◆ **What the task requires**
Please, without any pictures, transcribe the lines from the one holding "Other in Fairmont Le Manoir Richelieu" to the end of the listing, both ends included.

◆ **Input data**
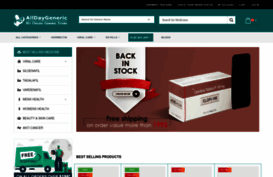 alldaygeneric.com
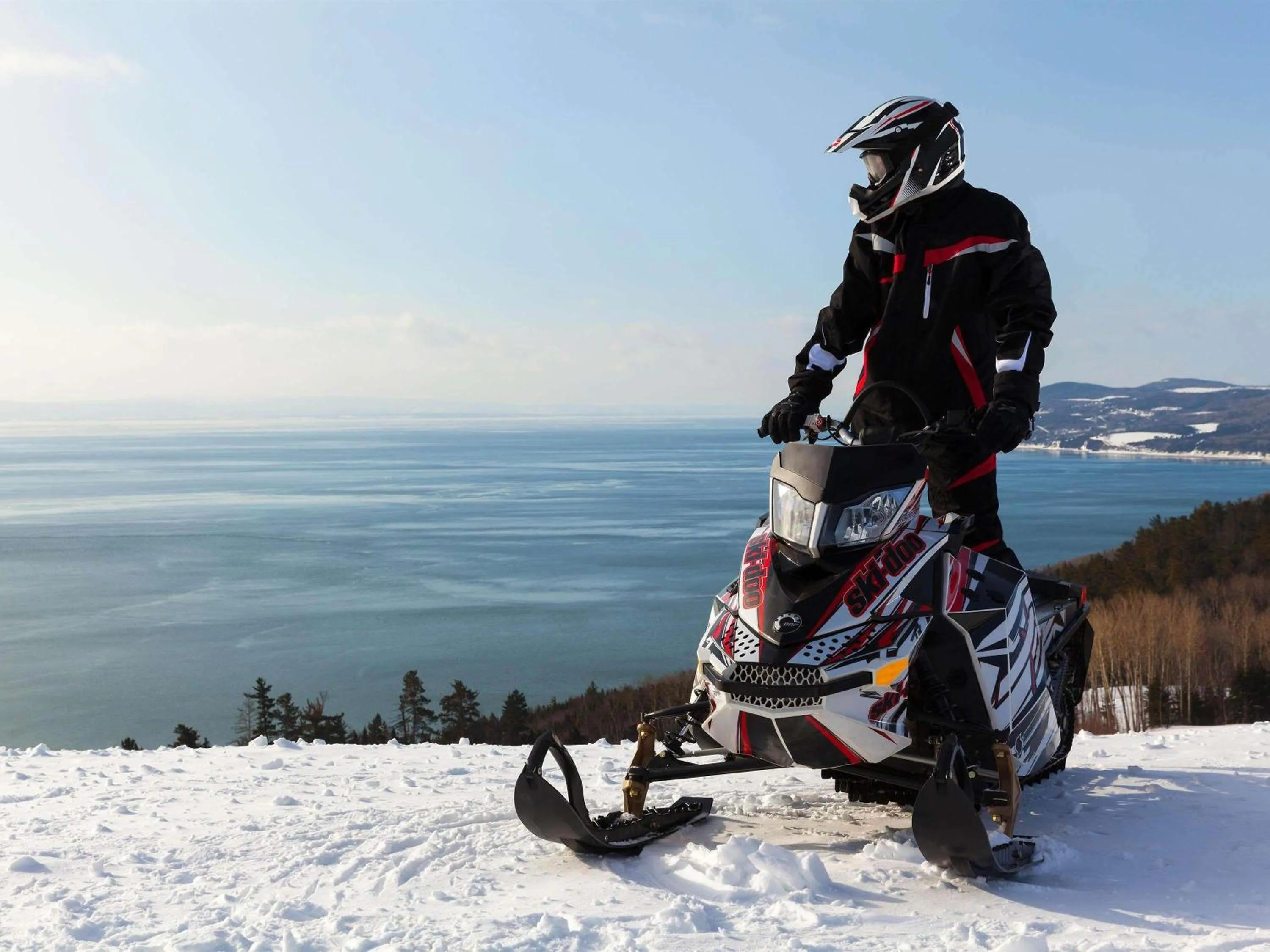 Other in Fairmont Le Manoir Richelieu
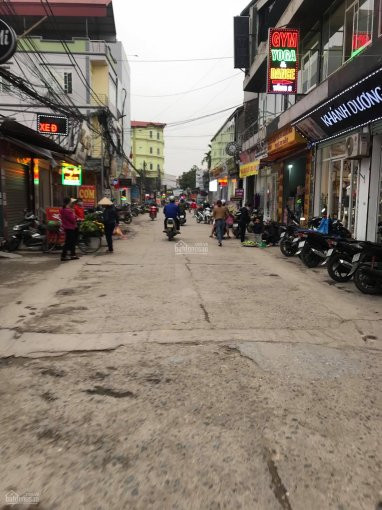 Chính Chủ Bán Nhanh Nhà Kinh Doanh 94m2, Lô Góc Trục Giữa Làng Tây Bầu, Kim Chung 0977191861 1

◆ **Answer section**
 Other in Fairmont Le Manoir Richelieu
 Chính Chủ Bán Nhanh Nhà Kinh Doanh 94m2, Lô Góc Trục Giữa Làng Tây Bầu, Kim Chung 0977191861 1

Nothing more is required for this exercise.